Les obstacles à l’émergence d’une véritable politique européenne de l’énergie sont encore nombreux, notamment en matière de sécurisation des approvisionnements. Cette situation s’explique par l’importance des différences entre les Etats membres en matière de politique énergétique et de modes de régulation des marchés de l’énergie. Mais le processus n’en est qu’à ses débuts et ne pourra évoluer que lorsque chacun aura pris conscience de la nécessité de coopérer. A l’évidence, le cadre national n’est plus adapté à la mesure des défis énergétiques. Il serait même justifié de dire que l’énergie est l’un des domaines qui illustrent le mieux l’idée qu’aucun pays européen ne peut espérer régler ses problèmes seul.
En matière d’infrastructures de réseaux de distribution et de stockage d’énergie, la coopération est indispensable pour optimiser la gestion des ressources à l’échelle européenne et pour développer les capacités électriques à base d’énergies renouvelables (l’électricité ne pouvant être stockée, il convient de faire qu’elle puisse être acheminée du lieu de production au lieu de consommation dans les meilleures conditions, afin d’éviter les gaspillages et assurer l’équilibre des approvisionnements). L’harmonisation des politiques énergétiques nationales est cruciale, dans la mesure où les choix de chaque pays ont des répercussions sur l’éventail de choix de ses partenaires (les choix de mix énergétique d’un pays modifient les coûts d’approvisionnement énergétique pour ses partenaires, comme c’est le cas par exemple avec la transition énergétique allemande). Le manque d’harmonisation des dispositifs nationaux de subvention des énergies (fossiles ou renouvelables) crée des distorsions de concurrence peu favorables à l’achèvement du marché intérieur et à la promotion des énergies renouvelables. Certains objectifs des politiques énergétiques ne peuvent être atteints que par une coopération des Etats comme le montre le problème du réchauffement climatique où rien ne peut se faire sinon à l’échelle européenne, voire planétaire, avec la participation a minima des Etats-Unis et de la Chine, et où les pays membres de l’UE peuvent tirer parti de synergies importantes pour atteindre leurs objectifs (passer par exemple de 20% à 30% de réduction des émissions de GHS d’ici 2020 est réaliste si l’UE « exploite » correctement le gisement de réduction d’émissions à bas coûts qui subsiste encore à l’Est).

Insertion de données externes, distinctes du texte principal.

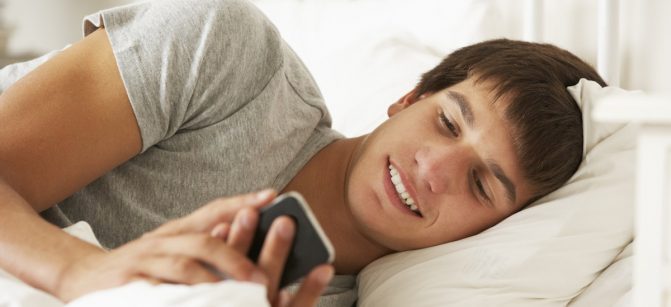 Teen sleep Boy In Bed  Texting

Les besoins de financement des investissements en rapport avec la stratégie énergétique européenne (estimés à 60-70 milliards d’euros annuels pour atteindre l’objectif en matière de renouvelables d’ici 2020) sont tels qu’ils ne peuvent être envisagés que de manière coordonnée. Enfin, les externalités fortement positives potentiellement générées par la recherche et le développement dans des domaines des énergies renouvelables ou du stockage du carbone exigent que ces activités soient menées en commun.

L’européanisation des politiques de sécurité énergétique n’en est qu’à ses balbutiements. Etant donné les fortes contraintes qui pèsent sur les potentialités de coopération entre Etats membres de l’UE dans ce domaine, il est probable que les progrès en la matière reposeront à court terme sur l’intégration des politiques énergétiques et environnementales, et notamment sur la poursuite de la stratégie climatique européenne.